Je me prête de bonne grâce à l'énumération pénible d'éventuelles connaissances communes, de potentielles rencontres précédentes.
Je ne bronche plus quand on m'appelle Thierry ou Schlomo.
J'opine spontanément en souriant.
Un oui est tellement plus simple et rapide qu'un non.
J'écoute patiemment leurs litanies, accepte leurs accolades.
Je détaille des endroits où je ne suis jamais allé.
Je complète des anecdotes rocambolesques qui me sont étrangères.
L'important est de créer de l'affect, des coups de coude complices.
De remplir un coin de la photo.
Après tout, ce que l'on recherche tous c'est un peu d'attention, quelqu'un pour qui celà importe.
Pouvoir s'appeller par des diminutifs intimes.
Après tout, on est tous le Thierry d'un instant.

Accepter d'endosser des vêtements d'emprunts, le temps de fouiller dans les tiroirs.
Respecter la mise en scène pendant qu'on extirpe de la terre meuble les cadavres fumants.
Se glisser entre les meubles à grands coups de soupirs sonores et gratter le vernis à s'en faire saigner les doigts.

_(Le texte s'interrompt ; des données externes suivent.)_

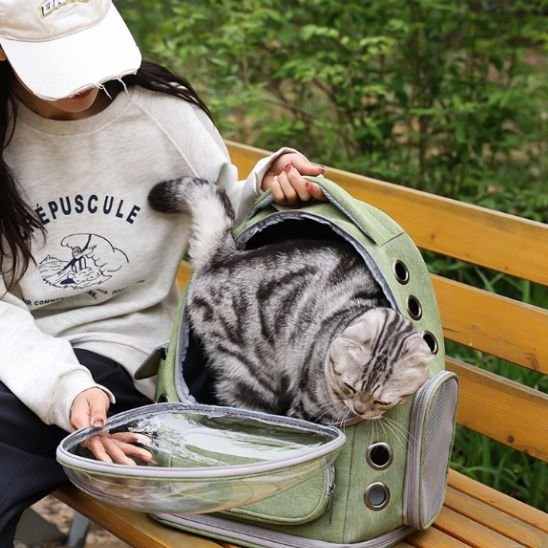 Sac à dos chat | Confort - Le Merveilleux Monde de l’Enfance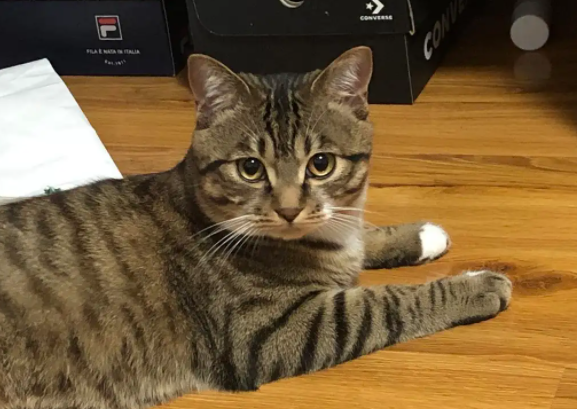 如何验证狸花猫已经认主人了？有必要了解一下！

Après tout, ce que l'on recherche tous, c'est exister.
Comme on peut.

Ce midi, alors que je tentais de me rendre autant que possible hors d'atteinte de l'alienation libérale organisée, j'ai croisé un cochon.
Un gros cochon noir, joufflu et couinant, qui se promenait sur le trottoir.
Une tache rose sale dans le gris mobilier urbain.
Quelques gouttes d'absurde au creux de la nuque de la réalité.
Lorsqu'il m'a aperçu, il s'est approché de moi et, tout en se frottant le long de ma jambe, a posé sa truffe poilue contre ma main, en redoublant de grognements.
Il venait de trouver son Thierry.

Celà fait bien longtemps que j'ai arrêté de me poser des questions.
Après tout, ce qui compte ce n'est pas forcément de vouloir trouver du sens à tout.
Se convaincre que nous sommes tous des Thierry si uniques.